Perfil: Gamal Abdel Nasser (15 de janeiro de 1918 – 28 de setembro de 1970)

Cento e cinco anos após o nascimento de Nasser, o legado do célebre nacionalista árabe ainda está presente no Egito.

Em uma noite quente do fim de julho de 1956, o presidente egípcio Gamal Abdel Nasser falou a uma multidão de 200 mil pessoas da cidade setentrional de Alexandria. “Trata-se de atitude de enorme arrogância sobre outros povos. Nós não seremos manipulados! Hoje, nós nos livramos do que aconteceu no passado”. Nasser prometeu a seu povo dar fim ao imperialismo britânico, uma força que assombrava o país por cerca de quatro décadas.

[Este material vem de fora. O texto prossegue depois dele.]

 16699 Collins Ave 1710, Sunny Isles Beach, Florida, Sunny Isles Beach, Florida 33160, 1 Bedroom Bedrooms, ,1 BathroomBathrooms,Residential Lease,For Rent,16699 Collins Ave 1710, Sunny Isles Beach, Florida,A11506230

Foi quando Nasser voltou sua atenção ao Canal de Suez. Escondido em seu discurso, difundido por rádio, há uma ordem codificada – a senha, Ferdinand de Lesseps, arquiteto da via marítima. Ao escutar seu nome, o exército deveria invadir os escritórios da Companhia do Canal de Suez e dar início ao processo de nacionalização.

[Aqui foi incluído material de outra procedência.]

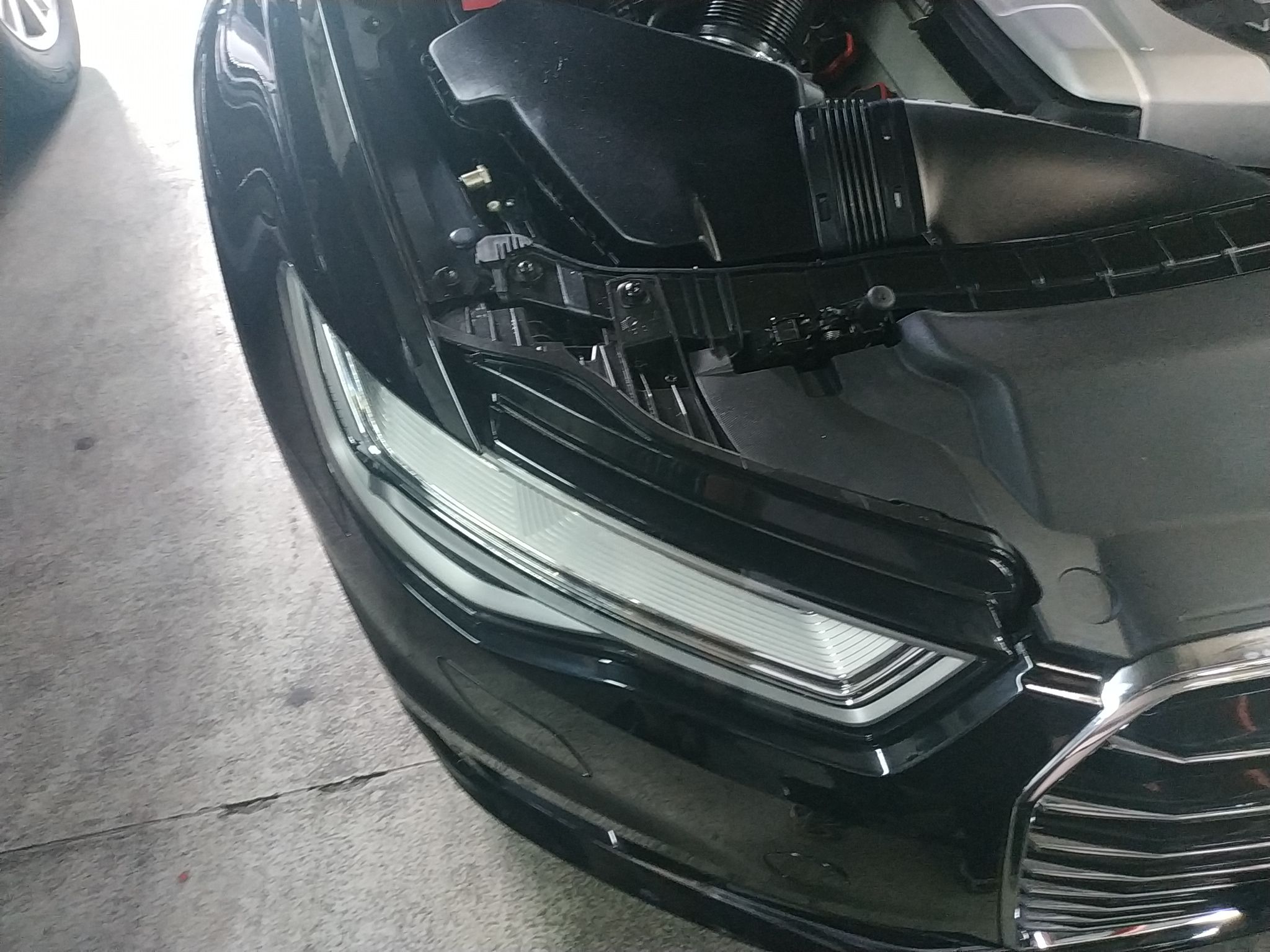 奥迪a6l 2017款 45 tfsi quattro 运动型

Multidões carregaram Nasser nos ombros ao Palácio Presidencial. De volta a Londres, o humor era outro. O canal levava petróleo ao Ocidente, controlado pelas forças coloniais da Inglaterra e da França, resultando em dezenas de milhões de dólares em ganhos anuais. O Egito não recebia um tostão, muito embora 125 mil homens tenham morrido ao construi-lo.

Em conversa com Clifton Daniel para o New York Times, Nasser explicou sua decisão de avançar na nacionalização de Suez: a atitude ocidental o ofendeu, sobretudo ao lhe negar empréstimos para construir a barragem de Assuã. O projeto para a gigantesca usina hidroelétrica levaria luz a todo país e deveria mitigar os impactos da pobreza no Egito. De fato, mais tarde, a obra passou a ser vista como joia da coroa de sua presidência.

Dispensar a ingerência externa era o forte de Nasser. O presidente preparou o terreno para sua agenda anti-imperialista desde 23 de julho de 1952, quando liderou um grupo de soldados que se tornou conhecido como Oficiais Livres, responsável por destituir a monarquia subalterna ao Reino Unido e estabelecer a república. Este episódio histórico foi exaltado por apoiadores como “revolução”. Segundo a biografia de sua esposa, nos anos que precederam este evento, Nasser guardou armas em casa “usadas contra os britânicos em cidades como Suez”.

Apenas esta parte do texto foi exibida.